_ASSIGNMENT:_
Transcribe the entries below exactly, starting with the line that has "Throw Compact Discs" and stopping after the line that has "Compact bathroom with"; no pictures belong in the copy.

_PROVIDED RECORDS:_
____

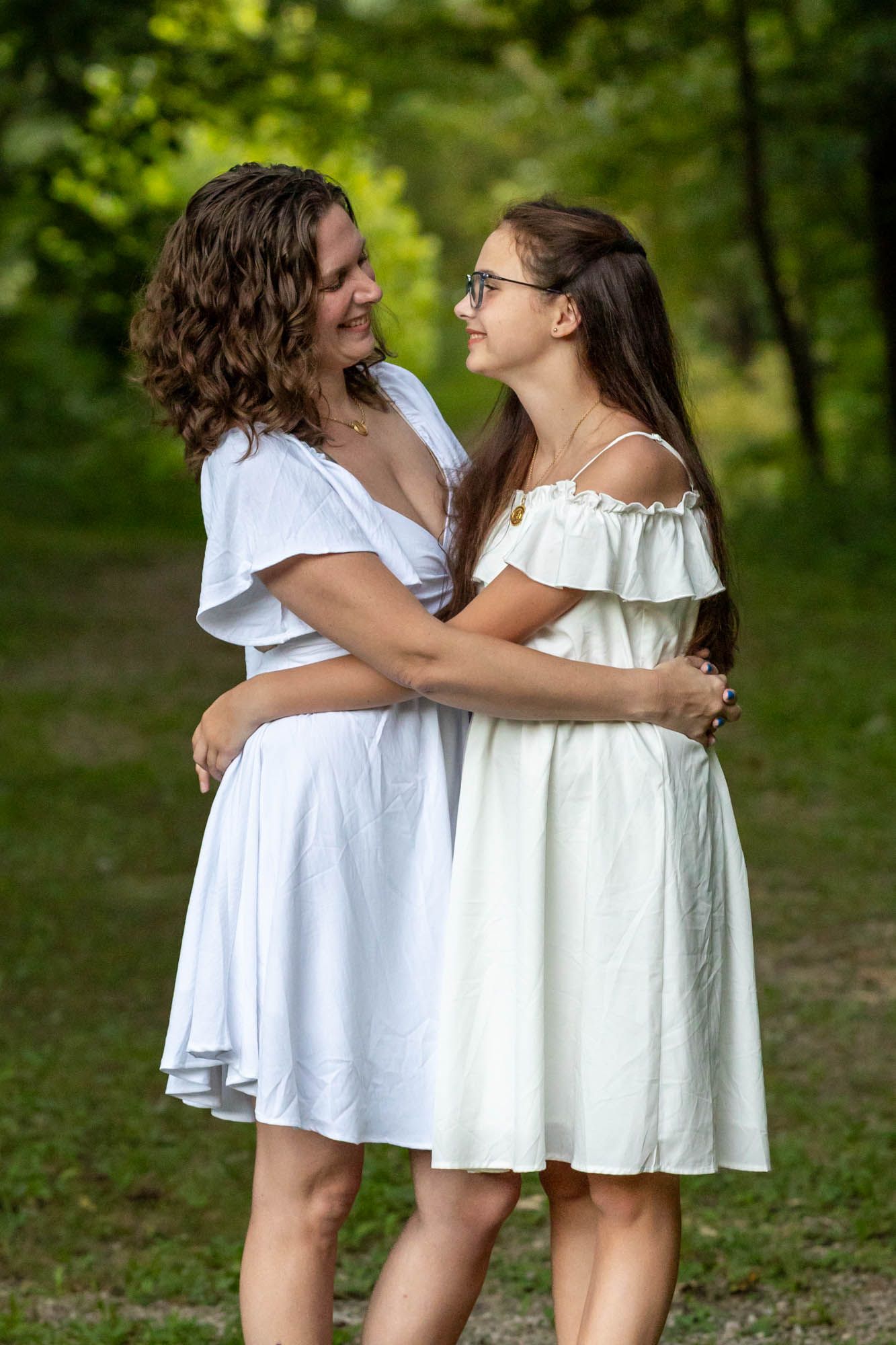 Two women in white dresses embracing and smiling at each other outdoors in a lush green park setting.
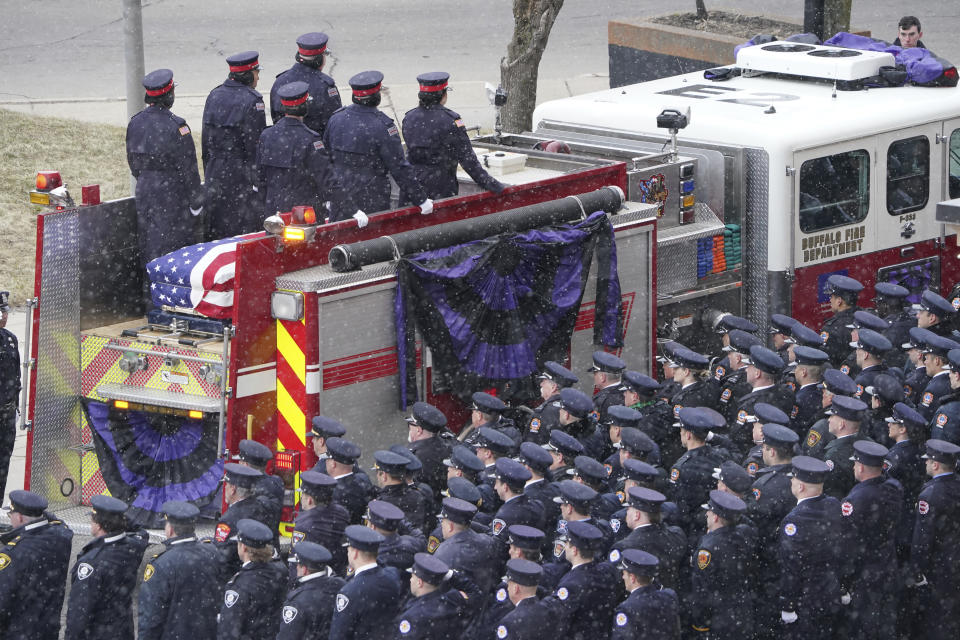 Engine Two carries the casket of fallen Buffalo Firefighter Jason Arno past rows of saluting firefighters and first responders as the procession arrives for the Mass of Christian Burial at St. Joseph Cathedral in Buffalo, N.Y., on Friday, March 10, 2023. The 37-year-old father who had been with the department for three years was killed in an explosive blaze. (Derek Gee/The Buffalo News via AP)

____

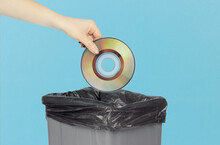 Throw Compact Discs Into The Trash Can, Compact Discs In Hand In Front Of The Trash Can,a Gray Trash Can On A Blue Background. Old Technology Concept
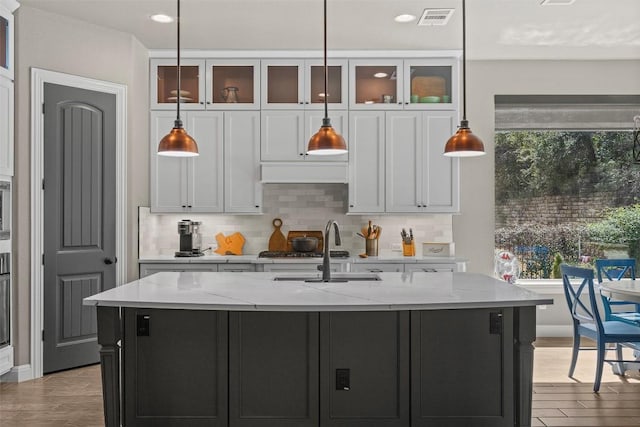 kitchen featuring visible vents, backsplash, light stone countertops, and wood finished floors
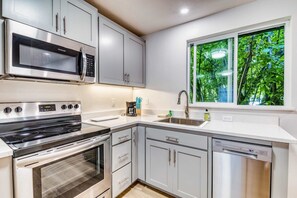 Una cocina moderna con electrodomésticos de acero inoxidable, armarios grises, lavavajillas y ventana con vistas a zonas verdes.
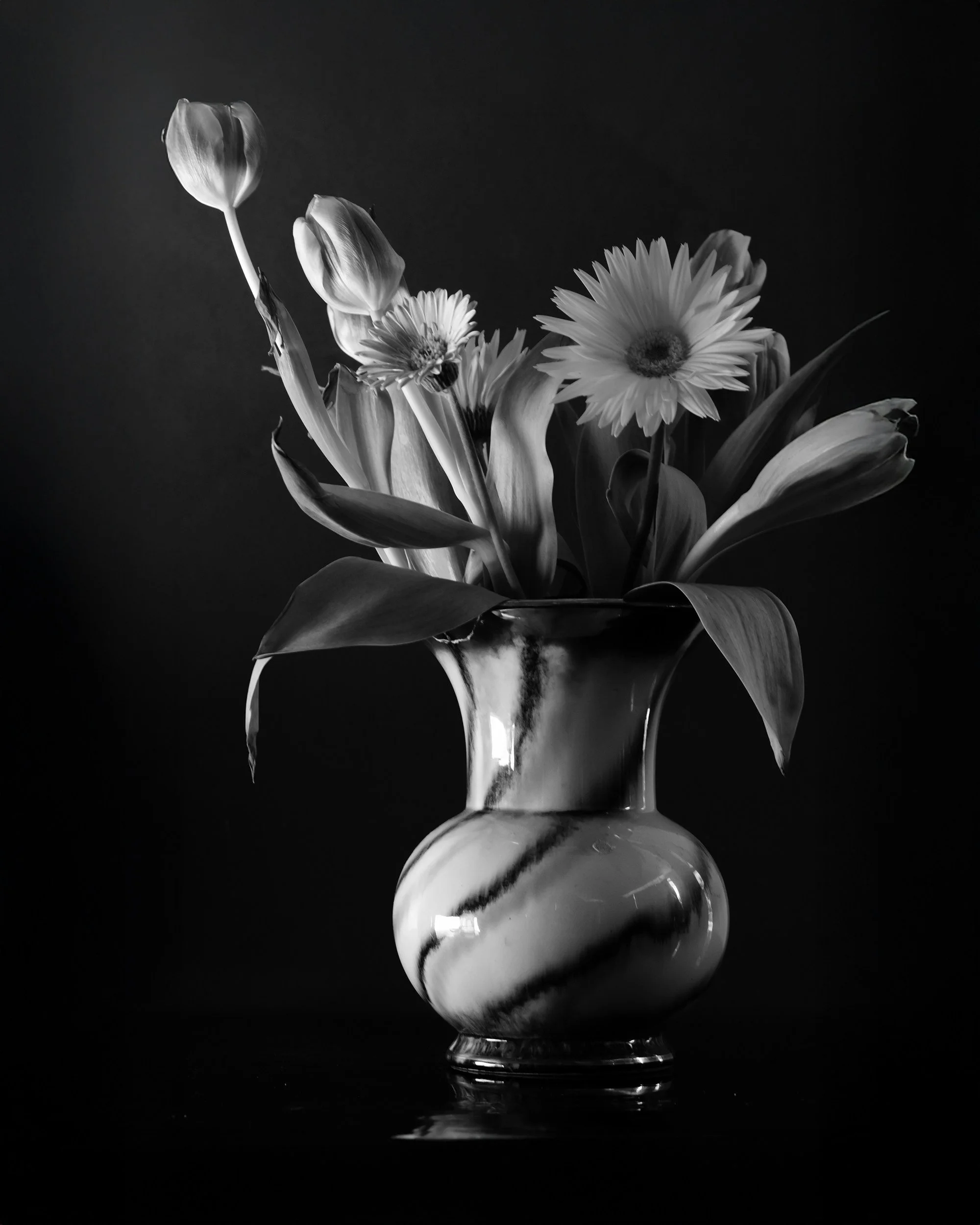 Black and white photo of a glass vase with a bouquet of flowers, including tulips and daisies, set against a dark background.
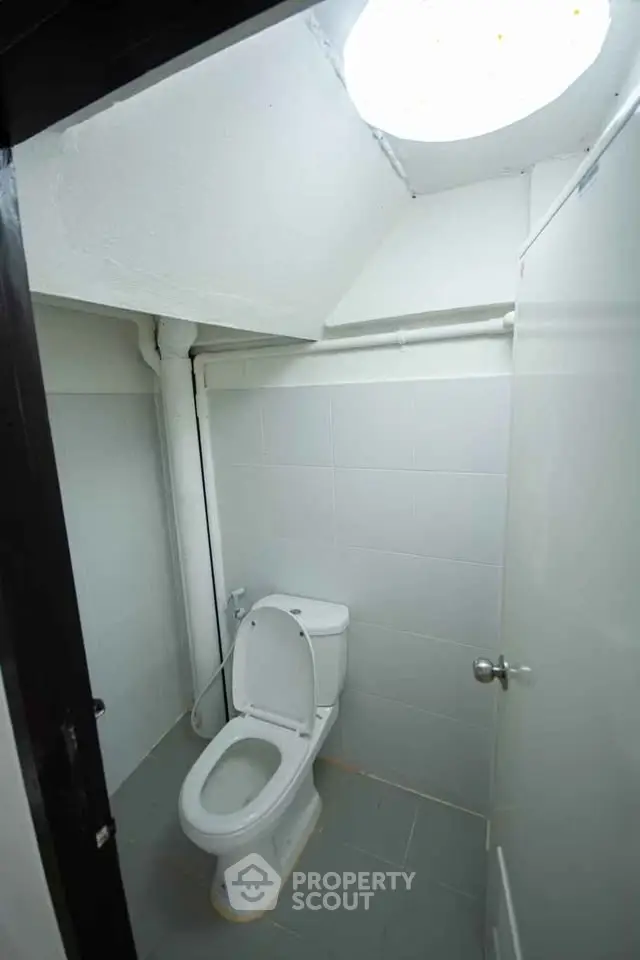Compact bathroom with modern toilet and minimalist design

____

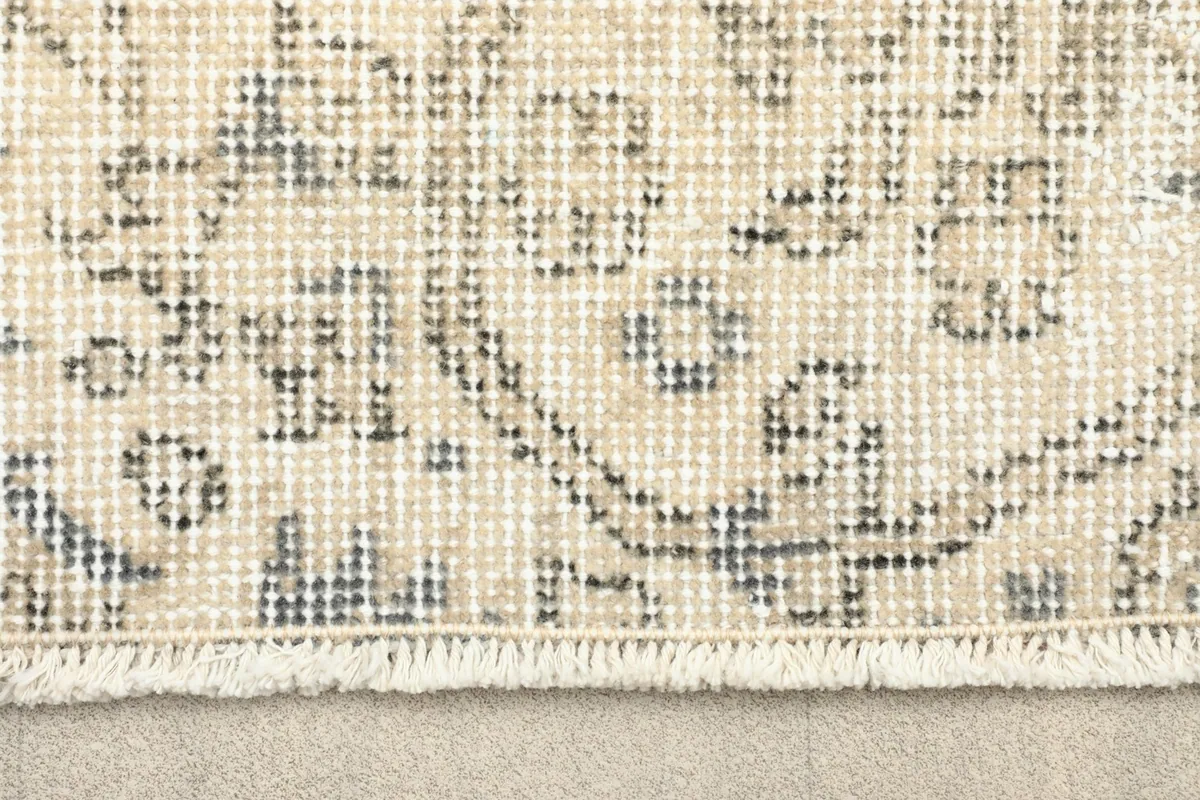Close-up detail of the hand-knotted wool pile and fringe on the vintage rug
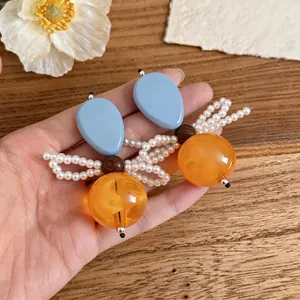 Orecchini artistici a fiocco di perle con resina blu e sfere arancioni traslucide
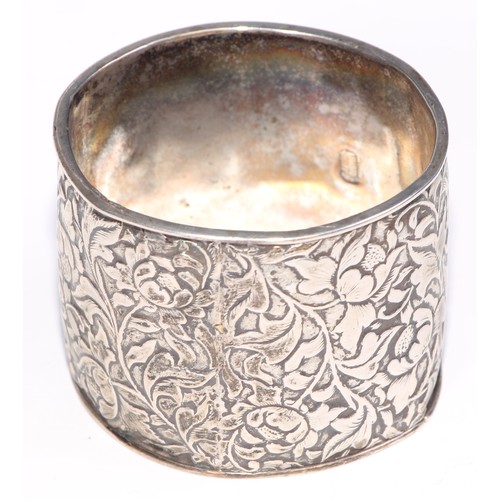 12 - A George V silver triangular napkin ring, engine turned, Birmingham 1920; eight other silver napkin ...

____

_RESPONSE TO THIS TASK:_
 Throw Compact Discs Into The Trash Can, Compact Discs In Hand In Front Of The Trash Can,a Gray Trash Can On A Blue Background. Old Technology Concept
 kitchen featuring visible vents, backsplash, light stone countertops, and wood finished floors
 Una cocina moderna con electrodomésticos de acero inoxidable, armarios grises, lavavajillas y ventana con vistas a zonas verdes.
 Black and white photo of a glass vase with a bouquet of flowers, including tulips and daisies, set against a dark background.
Compact bathroom with modern toilet and minimalist design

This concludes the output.